__EXERCISE PROMPT__.
Each record must be printed again exactly as it appears.

__DATASET ENTRIES__.
========
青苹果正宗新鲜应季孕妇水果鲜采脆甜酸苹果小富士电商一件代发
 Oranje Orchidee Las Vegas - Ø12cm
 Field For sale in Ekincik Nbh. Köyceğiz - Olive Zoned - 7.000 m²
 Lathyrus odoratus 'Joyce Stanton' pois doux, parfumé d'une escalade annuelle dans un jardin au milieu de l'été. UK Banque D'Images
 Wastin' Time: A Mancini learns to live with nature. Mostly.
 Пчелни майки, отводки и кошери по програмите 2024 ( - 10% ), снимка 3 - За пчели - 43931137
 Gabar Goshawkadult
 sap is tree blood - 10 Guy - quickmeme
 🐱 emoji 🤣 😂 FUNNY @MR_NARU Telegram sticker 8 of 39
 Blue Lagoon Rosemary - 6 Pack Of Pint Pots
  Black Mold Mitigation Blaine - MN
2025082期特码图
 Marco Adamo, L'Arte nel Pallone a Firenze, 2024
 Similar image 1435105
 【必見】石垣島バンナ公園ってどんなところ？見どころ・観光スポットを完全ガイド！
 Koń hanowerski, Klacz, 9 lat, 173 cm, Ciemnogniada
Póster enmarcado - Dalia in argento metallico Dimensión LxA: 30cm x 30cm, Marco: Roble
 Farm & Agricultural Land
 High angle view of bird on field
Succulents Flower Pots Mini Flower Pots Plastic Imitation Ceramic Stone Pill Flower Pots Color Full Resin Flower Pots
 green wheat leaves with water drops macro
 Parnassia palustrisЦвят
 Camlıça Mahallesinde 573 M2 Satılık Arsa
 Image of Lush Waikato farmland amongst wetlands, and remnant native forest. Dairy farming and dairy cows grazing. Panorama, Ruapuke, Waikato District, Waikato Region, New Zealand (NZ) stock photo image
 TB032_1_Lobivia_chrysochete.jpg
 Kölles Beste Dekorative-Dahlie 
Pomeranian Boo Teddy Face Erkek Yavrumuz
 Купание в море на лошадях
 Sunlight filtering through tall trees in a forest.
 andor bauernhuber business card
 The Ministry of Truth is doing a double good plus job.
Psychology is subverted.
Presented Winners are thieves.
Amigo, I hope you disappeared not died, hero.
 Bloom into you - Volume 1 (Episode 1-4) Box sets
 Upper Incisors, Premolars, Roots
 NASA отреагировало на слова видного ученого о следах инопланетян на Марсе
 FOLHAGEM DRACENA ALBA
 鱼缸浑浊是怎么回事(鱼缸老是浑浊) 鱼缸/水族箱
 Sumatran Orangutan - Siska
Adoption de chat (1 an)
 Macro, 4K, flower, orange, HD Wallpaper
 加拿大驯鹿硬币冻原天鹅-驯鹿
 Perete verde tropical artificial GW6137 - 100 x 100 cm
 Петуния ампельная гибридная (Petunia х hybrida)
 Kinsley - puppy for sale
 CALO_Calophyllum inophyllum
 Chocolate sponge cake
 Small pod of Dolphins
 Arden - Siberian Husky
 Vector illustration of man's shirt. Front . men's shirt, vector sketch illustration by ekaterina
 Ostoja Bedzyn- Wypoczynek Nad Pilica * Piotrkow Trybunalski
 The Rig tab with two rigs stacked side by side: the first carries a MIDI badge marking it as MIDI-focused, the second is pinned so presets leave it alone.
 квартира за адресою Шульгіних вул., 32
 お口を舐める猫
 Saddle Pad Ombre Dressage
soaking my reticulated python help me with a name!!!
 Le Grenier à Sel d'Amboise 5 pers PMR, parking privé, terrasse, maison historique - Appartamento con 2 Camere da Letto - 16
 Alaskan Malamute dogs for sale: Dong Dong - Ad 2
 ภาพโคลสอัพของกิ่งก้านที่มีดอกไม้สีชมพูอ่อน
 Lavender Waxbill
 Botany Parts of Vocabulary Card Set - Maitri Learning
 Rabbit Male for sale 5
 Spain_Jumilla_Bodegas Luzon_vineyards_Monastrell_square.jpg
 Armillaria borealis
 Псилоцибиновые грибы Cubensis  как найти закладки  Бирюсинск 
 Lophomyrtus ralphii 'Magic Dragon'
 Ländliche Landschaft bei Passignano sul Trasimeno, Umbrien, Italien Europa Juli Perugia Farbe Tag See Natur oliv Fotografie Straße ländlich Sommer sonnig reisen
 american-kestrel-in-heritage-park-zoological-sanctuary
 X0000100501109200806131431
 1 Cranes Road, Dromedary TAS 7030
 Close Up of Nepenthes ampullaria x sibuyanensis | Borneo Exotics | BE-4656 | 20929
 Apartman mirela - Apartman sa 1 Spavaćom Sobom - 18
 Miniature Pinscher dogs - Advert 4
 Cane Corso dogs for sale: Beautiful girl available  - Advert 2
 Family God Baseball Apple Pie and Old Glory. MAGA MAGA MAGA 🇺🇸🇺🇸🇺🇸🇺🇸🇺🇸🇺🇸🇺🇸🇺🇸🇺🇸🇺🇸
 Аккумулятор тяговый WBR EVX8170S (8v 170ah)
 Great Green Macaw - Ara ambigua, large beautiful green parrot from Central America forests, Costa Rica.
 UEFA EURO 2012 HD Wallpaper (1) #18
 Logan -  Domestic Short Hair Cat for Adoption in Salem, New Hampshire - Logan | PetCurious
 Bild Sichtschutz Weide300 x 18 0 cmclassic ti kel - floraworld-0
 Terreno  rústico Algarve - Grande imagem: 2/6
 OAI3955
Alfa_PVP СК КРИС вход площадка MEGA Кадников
========
__PROBLEM SOLUTION__.
青苹果正宗新鲜应季孕妇水果鲜采脆甜酸苹果小富士电商一件代发
 Oranje Orchidee Las Vegas - Ø12cm
 Field For sale in Ekincik Nbh. Köyceğiz - Olive Zoned - 7.000 m²
 Lathyrus odoratus 'Joyce Stanton' pois doux, parfumé d'une escalade annuelle dans un jardin au milieu de l'été. UK Banque D'Images
 Wastin' Time: A Mancini learns to live with nature. Mostly.
 Пчелни майки, отводки и кошери по програмите 2024 ( - 10% ), снимка 3 - За пчели - 43931137
 Gabar Goshawkadult
 sap is tree blood - 10 Guy - quickmeme
 🐱 emoji 🤣 😂 FUNNY @MR_NARU Telegram sticker 8 of 39
 Blue Lagoon Rosemary - 6 Pack Of Pint Pots
  Black Mold Mitigation Blaine - MN
2025082期特码图
 Marco Adamo, L'Arte nel Pallone a Firenze, 2024
 Similar image 1435105
 【必見】石垣島バンナ公園ってどんなところ？見どころ・観光スポットを完全ガイド！
 Koń hanowerski, Klacz, 9 lat, 173 cm, Ciemnogniada
Póster enmarcado - Dalia in argento metallico Dimensión LxA: 30cm x 30cm, Marco: Roble
 Farm & Agricultural Land
 High angle view of bird on field
Succulents Flower Pots Mini Flower Pots Plastic Imitation Ceramic Stone Pill Flower Pots Color Full Resin Flower Pots
 green wheat leaves with water drops macro
 Parnassia palustrisЦвят
 Camlıça Mahallesinde 573 M2 Satılık Arsa
 Image of Lush Waikato farmland amongst wetlands, and remnant native forest. Dairy farming and dairy cows grazing. Panorama, Ruapuke, Waikato District, Waikato Region, New Zealand (NZ) stock photo image
 TB032_1_Lobivia_chrysochete.jpg
 Kölles Beste Dekorative-Dahlie 
Pomeranian Boo Teddy Face Erkek Yavrumuz
 Купание в море на лошадях
 Sunlight filtering through tall trees in a forest.
 andor bauernhuber business card
 The Ministry of Truth is doing a double good plus job.
Psychology is subverted.
Presented Winners are thieves.
Amigo, I hope you disappeared not died, hero.
 Bloom into you - Volume 1 (Episode 1-4) Box sets
 Upper Incisors, Premolars, Roots
 NASA отреагировало на слова видного ученого о следах инопланетян на Марсе
 FOLHAGEM DRACENA ALBA
 鱼缸浑浊是怎么回事(鱼缸老是浑浊) 鱼缸/水族箱
 Sumatran Orangutan - Siska
Adoption de chat (1 an)
 Macro, 4K, flower, orange, HD Wallpaper
 加拿大驯鹿硬币冻原天鹅-驯鹿
 Perete verde tropical artificial GW6137 - 100 x 100 cm
 Петуния ампельная гибридная (Petunia х hybrida)
 Kinsley - puppy for sale
 CALO_Calophyllum inophyllum
 Chocolate sponge cake
 Small pod of Dolphins
 Arden - Siberian Husky
 Vector illustration of man's shirt. Front . men's shirt, vector sketch illustration by ekaterina
 Ostoja Bedzyn- Wypoczynek Nad Pilica * Piotrkow Trybunalski
 The Rig tab with two rigs stacked side by side: the first carries a MIDI badge marking it as MIDI-focused, the second is pinned so presets leave it alone.
 квартира за адресою Шульгіних вул., 32
 お口を舐める猫
 Saddle Pad Ombre Dressage
soaking my reticulated python help me with a name!!!
 Le Grenier à Sel d'Amboise 5 pers PMR, parking privé, terrasse, maison historique - Appartamento con 2 Camere da Letto - 16
 Alaskan Malamute dogs for sale: Dong Dong - Ad 2
 ภาพโคลสอัพของกิ่งก้านที่มีดอกไม้สีชมพูอ่อน
 Lavender Waxbill
 Botany Parts of Vocabulary Card Set - Maitri Learning
 Rabbit Male for sale 5
 Spain_Jumilla_Bodegas Luzon_vineyards_Monastrell_square.jpg
 Armillaria borealis
 Псилоцибиновые грибы Cubensis  как найти закладки  Бирюсинск 
 Lophomyrtus ralphii 'Magic Dragon'
 Ländliche Landschaft bei Passignano sul Trasimeno, Umbrien, Italien Europa Juli Perugia Farbe Tag See Natur oliv Fotografie Straße ländlich Sommer sonnig reisen
 american-kestrel-in-heritage-park-zoological-sanctuary
 X0000100501109200806131431
 1 Cranes Road, Dromedary TAS 7030
 Close Up of Nepenthes ampullaria x sibuyanensis | Borneo Exotics | BE-4656 | 20929
 Apartman mirela - Apartman sa 1 Spavaćom Sobom - 18
 Miniature Pinscher dogs - Advert 4
 Cane Corso dogs for sale: Beautiful girl available  - Advert 2
 Family God Baseball Apple Pie and Old Glory. MAGA MAGA MAGA 🇺🇸🇺🇸🇺🇸🇺🇸🇺🇸🇺🇸🇺🇸🇺🇸🇺🇸🇺🇸
 Аккумулятор тяговый WBR EVX8170S (8v 170ah)
 Great Green Macaw - Ara ambigua, large beautiful green parrot from Central America forests, Costa Rica.
 UEFA EURO 2012 HD Wallpaper (1) #18
 Logan -  Domestic Short Hair Cat for Adoption in Salem, New Hampshire - Logan | PetCurious
 Bild Sichtschutz Weide300 x 18 0 cmclassic ti kel - floraworld-0
 Terreno  rústico Algarve - Grande imagem: 2/6
 OAI3955
Alfa_PVP СК КРИС вход площадка MEGA Кадников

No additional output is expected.